Citation: Grant Ayers, Heiner Litz, Christos Kozyrakis, Partha Ranganathan (2020/05) Classifying Memory Access Patterns for Prefetching. Architectural Support for Programming Languages and Operating Systems (RSS)
DOI (original publisher): 10.1145/3373376.3378498
Semantic Scholar (metadata): 10.1145/3373376.3378498
Sci-Hub (fulltext): 10.1145/3373376.3378498
Internet Archive Scholar (search for fulltext): Classifying Memory Access Patterns for Prefetching
Download: https://dl.acm.org/doi/10.1145/3373376.3378498
Tagged: Computer Science (RSS) computer architecture (RSS)

Summary

Placeholder

Theoretical and Practical Relevance

This paper characterizes kinds of prefetching and provides a tool which can determine the theoretical speedup of each kind.

Many important problems are memory bound.
Caching can only partially address this, due to mandatory misses (conflict, cold, capacity, and coherence misses).
We need prefetching to address this.
Prior work was either performant (nextline, stride, correlation) or general (large-table, run-ahead execution, static compiler), not both.
Architects would like to answer:
- How much performance can we expect from this prefetcher?
- How much opportunity is left on the table?

Look at x86 machine code, find DFG for the address, and classify loads into categories:
- x86 was chosen because of its ubiquity in the domain.
From this, we can tell how complex it would be to compute the address, and how far in advance one can start that computation.
- Ideal candidates for prefetching cause many misses (dark), don't take long to compute their address (leftwards), and have plenty of time to do the prefetching (upwards).
Authors show that this analysis can tell them how good a certain prefetcher will be, and what the theoretical maximum speedup due to prefetching is.

Prefetching is similar to the older idea of decoupled access/execute.

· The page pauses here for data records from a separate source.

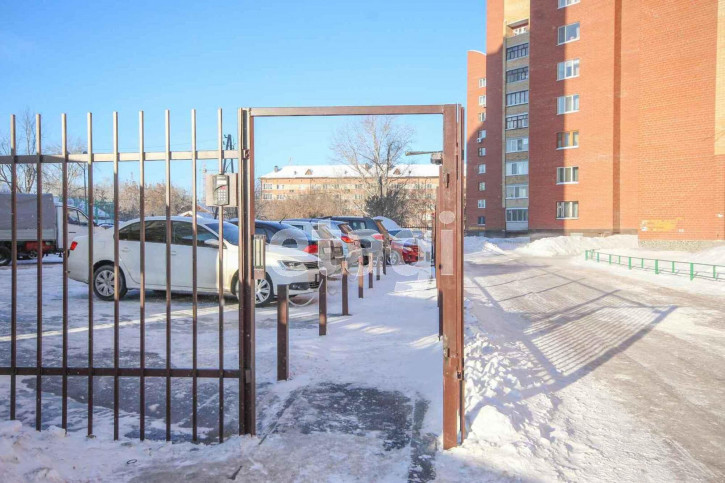 3-комн квартира Ватутина, 55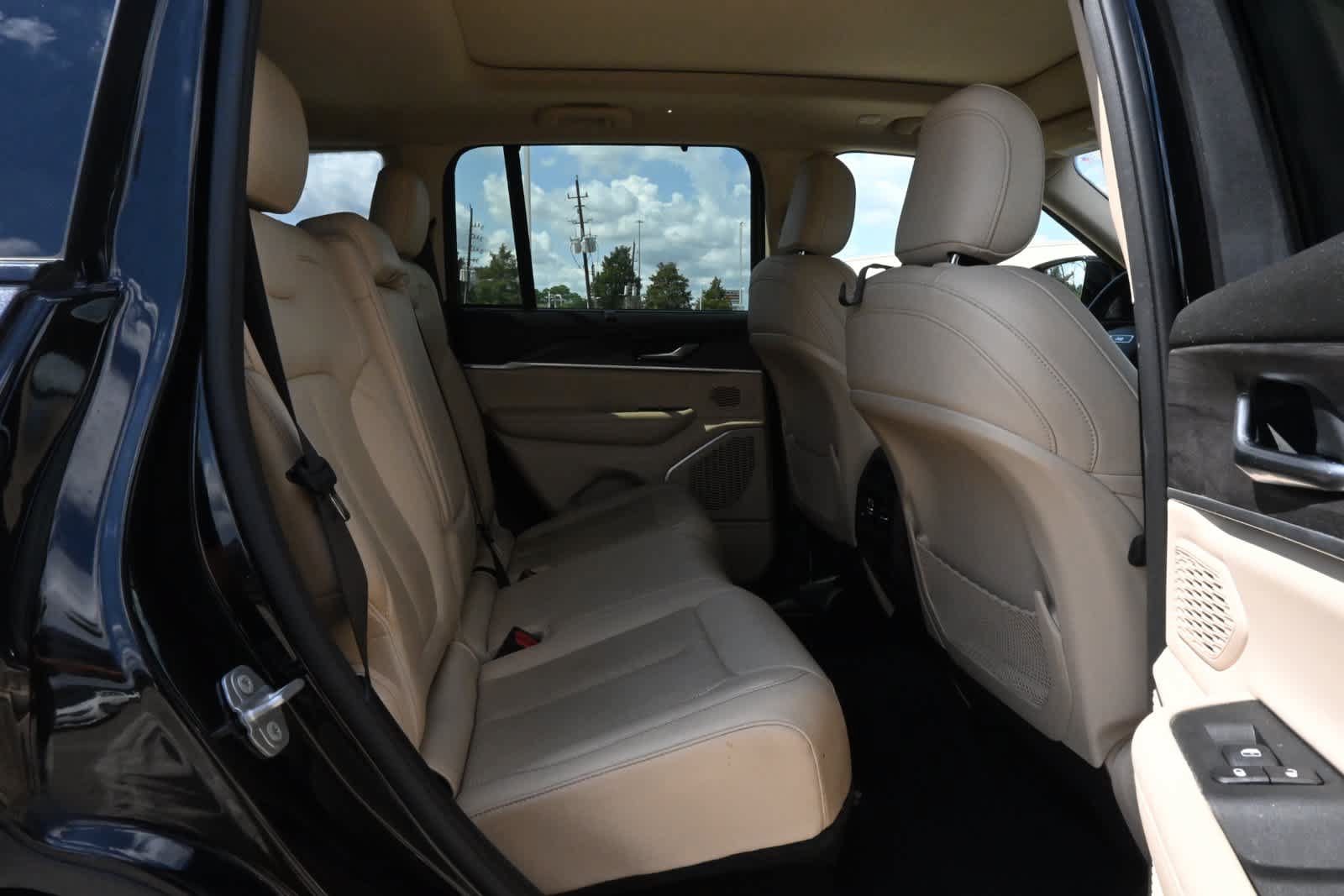 Used 2022 Jeep Grand Cherokee Limited w/ Luxury Tech Group II RWD image 22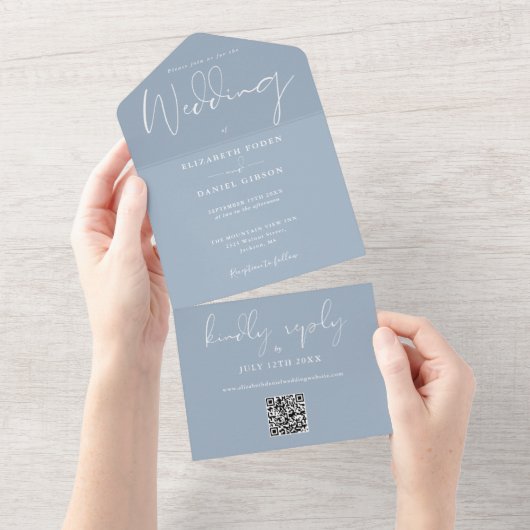 Invitation Tout En Un Elégant Dusty Blue QR Code Monogramme Mariage (Déchirure)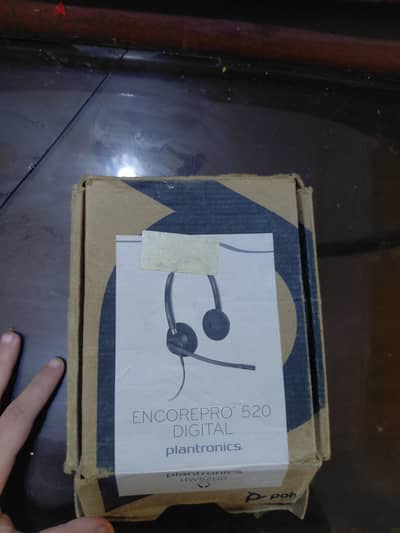 encorepro 520 digital معاها العلبه و حاجتها كلها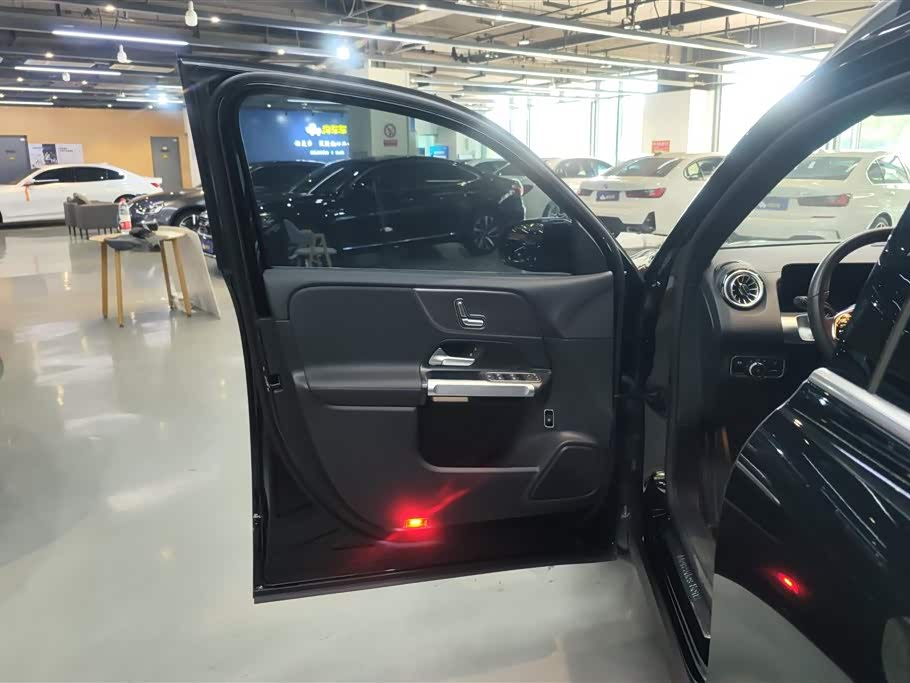 Mercedes-Benz GLB Mercedes-Benz GLB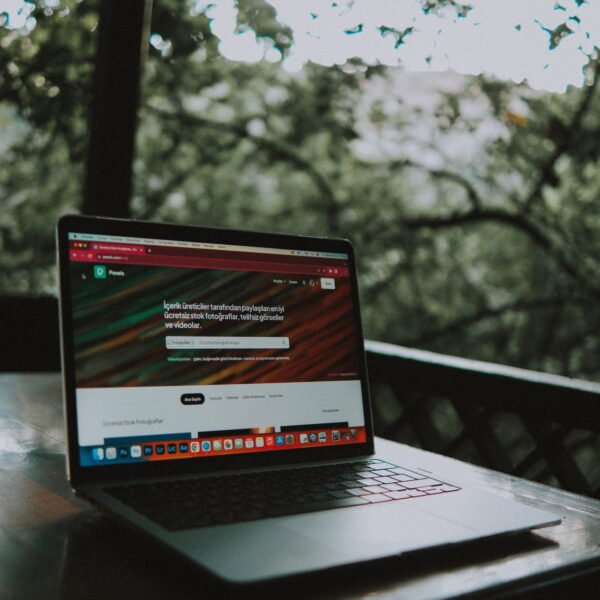 Laptop met een website op een houten tafel (1) Laptop met een website op een houten tafel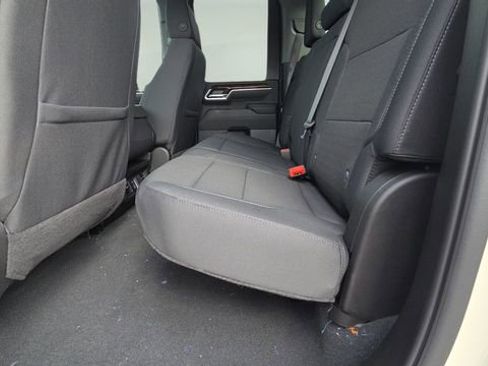 New 2026 GMC Sierra 2500 SLE w/ Preferred Package image 30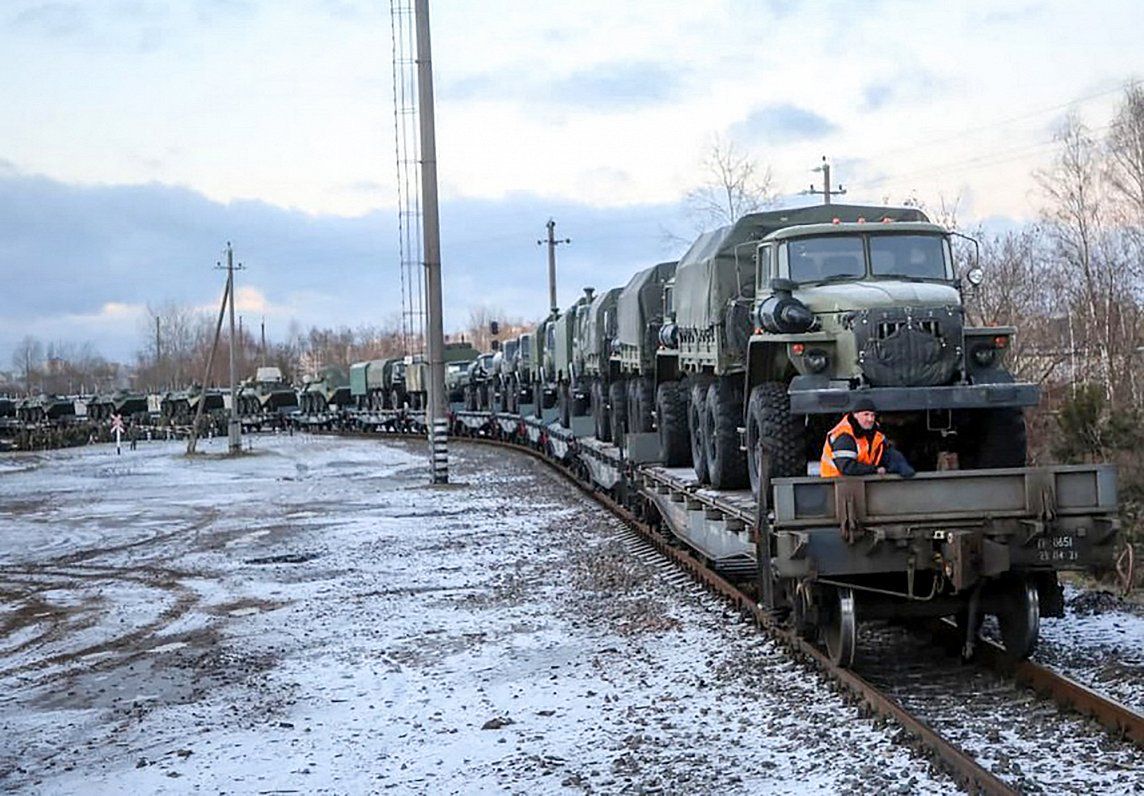 У Білорусі ворожі ешелони з техінкою рухаються в бік кордону з Україною.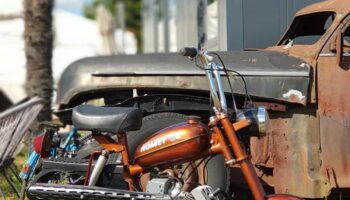 „Odtworzyliśmy lakier Rometa z 1988 roku”. Tajniki warsztatu lakierniczego z pasją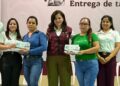 Arranca en Tamaulipas la entrega de tarjetas de la beca “Rita Cetina” para uniformes y útiles escolares.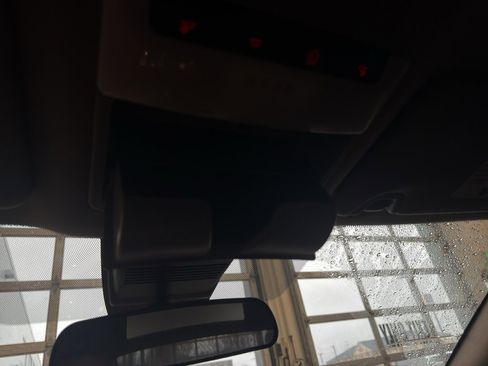 Used 2024 Nissan Altima 2.5 SV image 17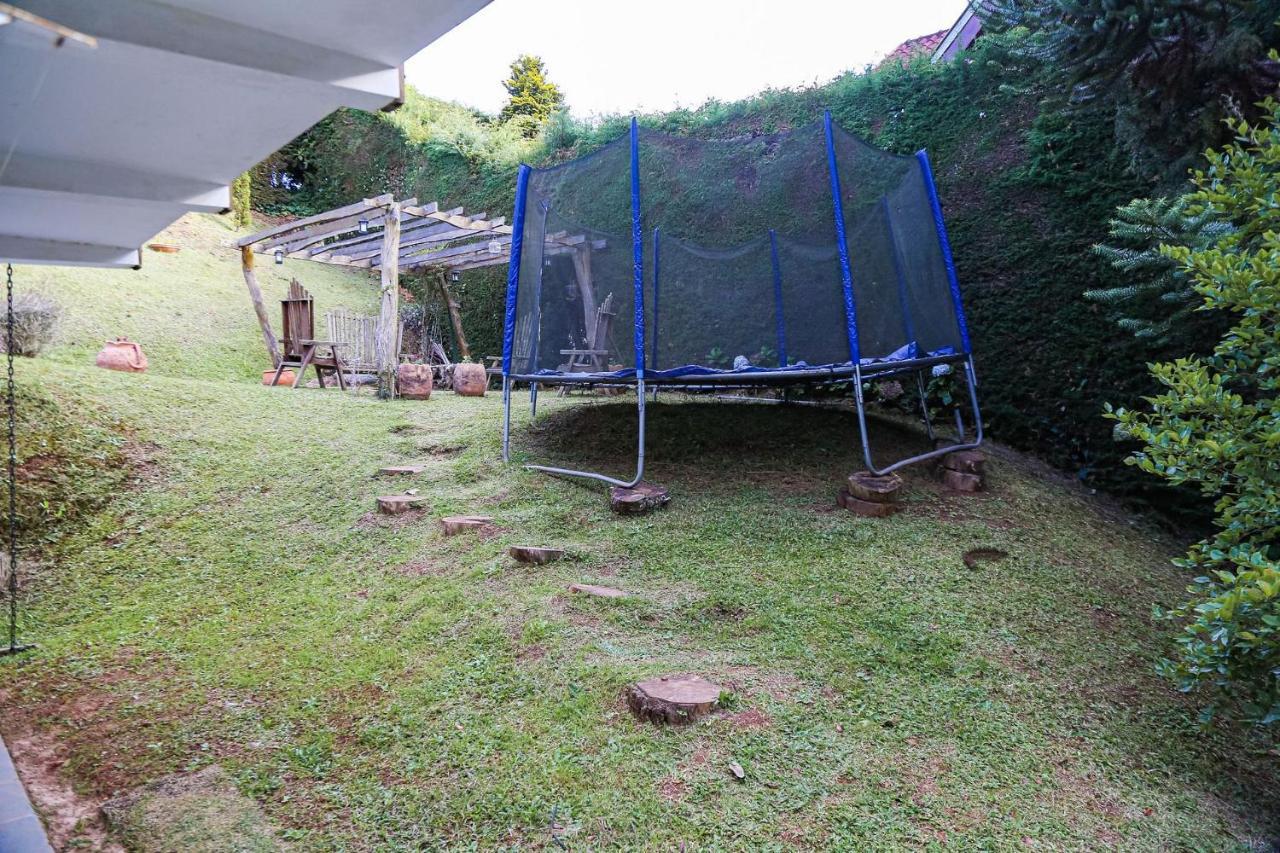 Chale Belga Em Condominio - 1,2 Km Do Centro Turistico Capivari Campos do Jordão Exteriör bild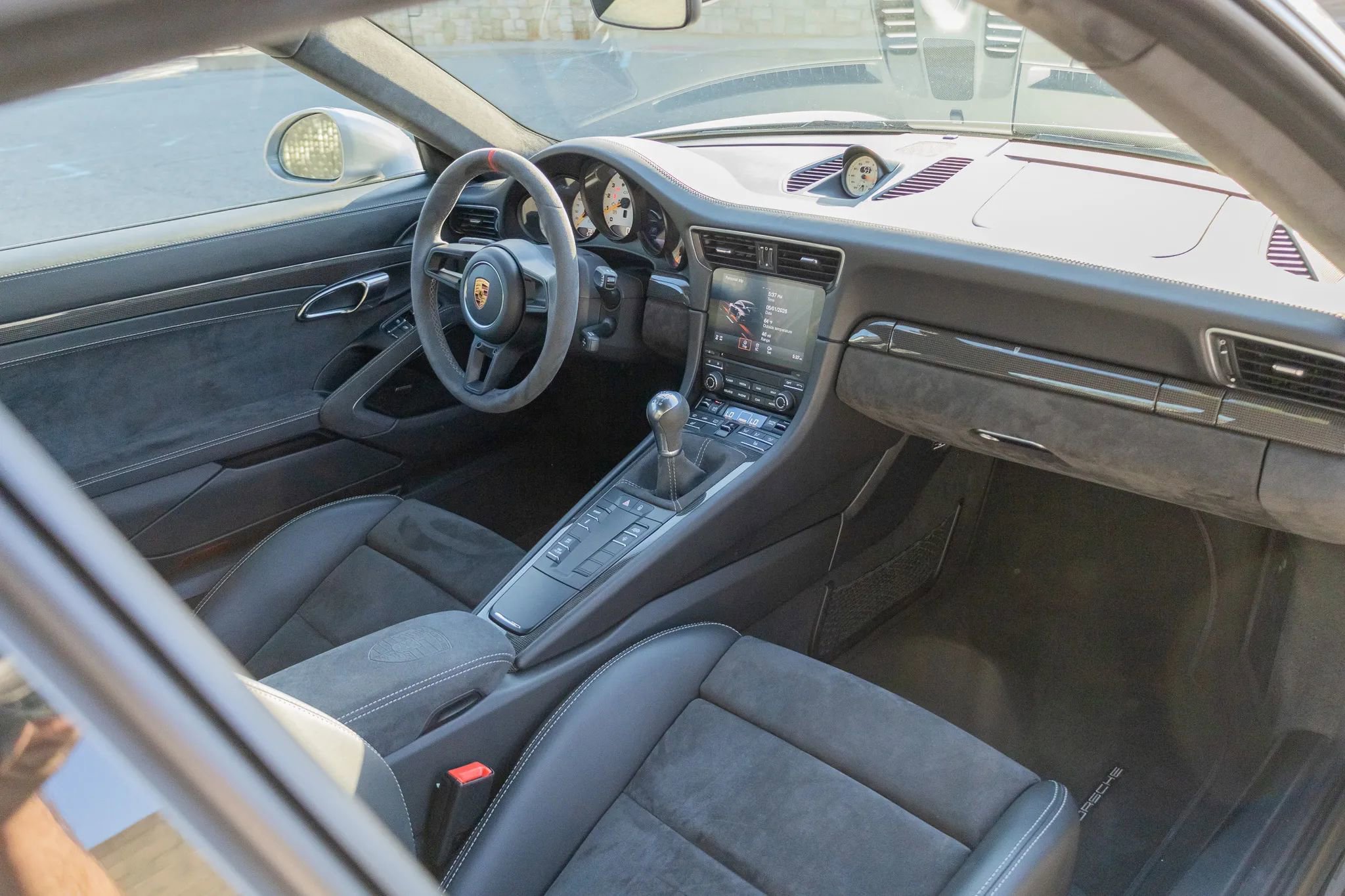 Used 2018 Porsche 911 GT3 RWD image 66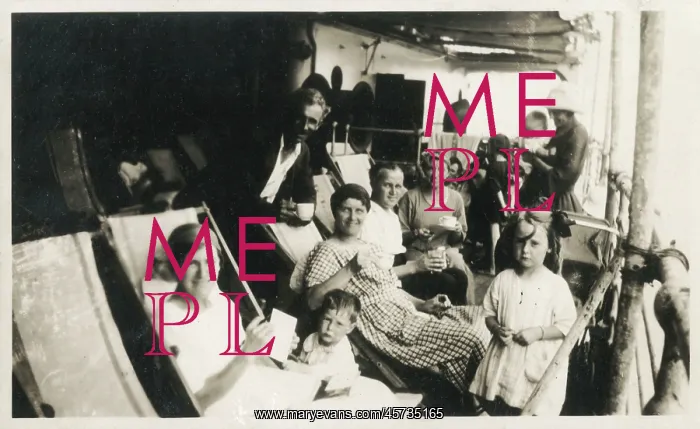 : British Migrants to Australia on board ship - 1920s : British Migrants to Australia on board ship - 1920s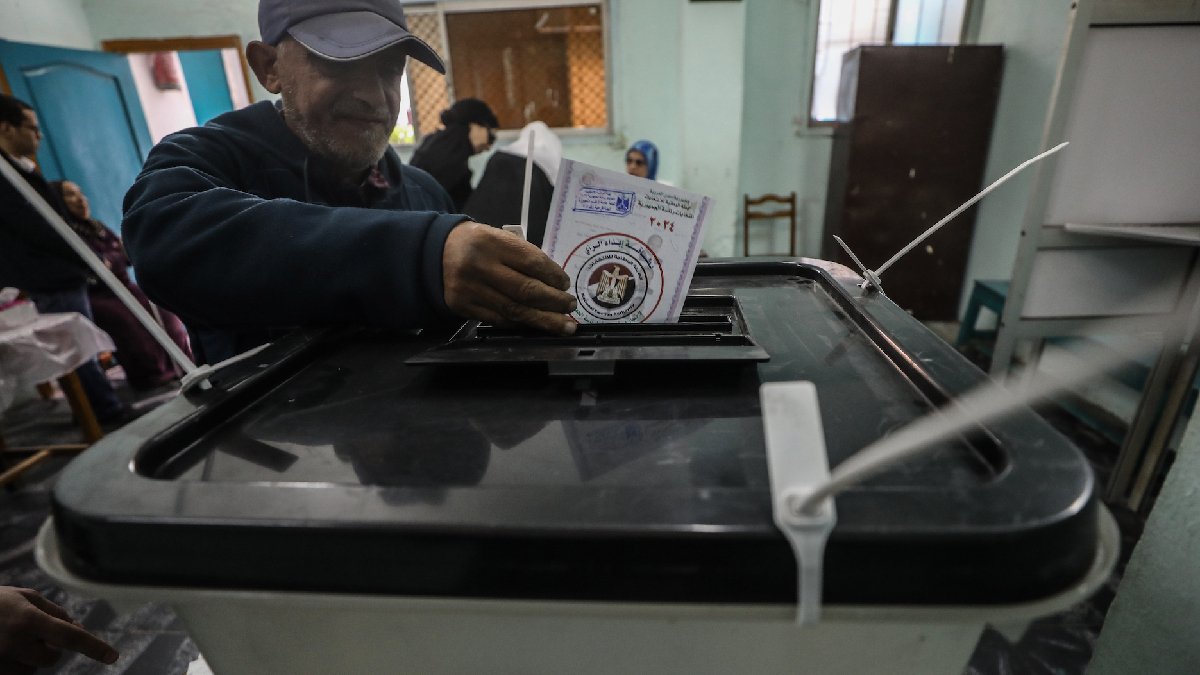 Mısırlılar cumhurbaşkanlığı için oy kullanıyor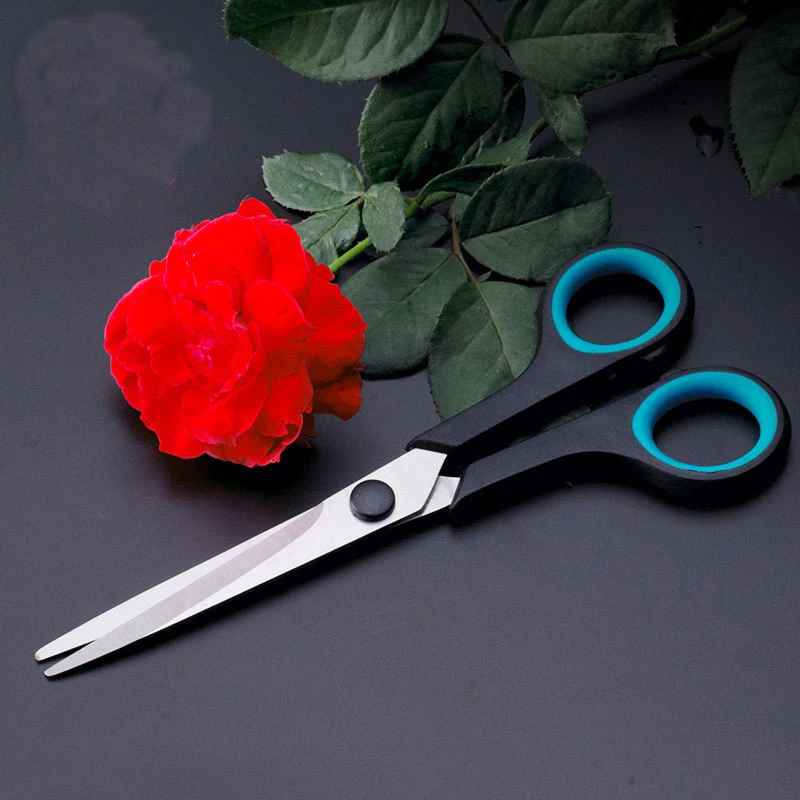 2015 Fashion Stainless steel Tailor Sewing Scissors Blade Dressmaking Shears Fabric Material paper Craft Sewing Cutting Scissor
2015 Fashion Stainless steel Tailor Sewing Scissors Blade Dressmaking Shears Fabric Material paper Craft Sewing Cutting Scissor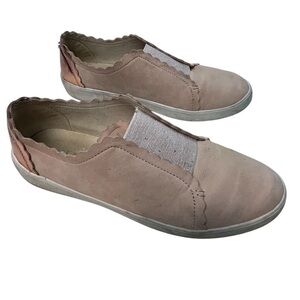 Cole Haan Women's Beige Pink Hue Slip-On Sneakers Size 10 Scallop Casual Shoes
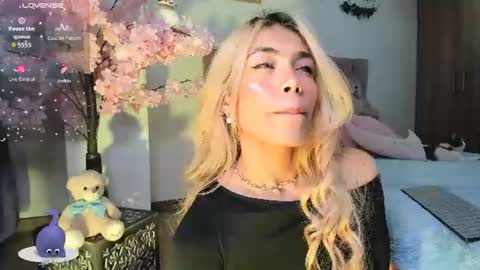 Snapshot of misssofiia_7 chatting on 07-05-26, 12:39 ... Independent model online show from 07-05-26, 12:39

The pretfetching unit is like the access-unit.
- This is especially true of run-ahead prefetching.
The authors choose to analyze the x86 machine code.
- This looses some semantic information, but it gains generality. Everything in their domain is x86.
- Perhaps future work could do this in LLVM. It would have more semantic information, and it could reuse existing tooling for manipulating the DFG.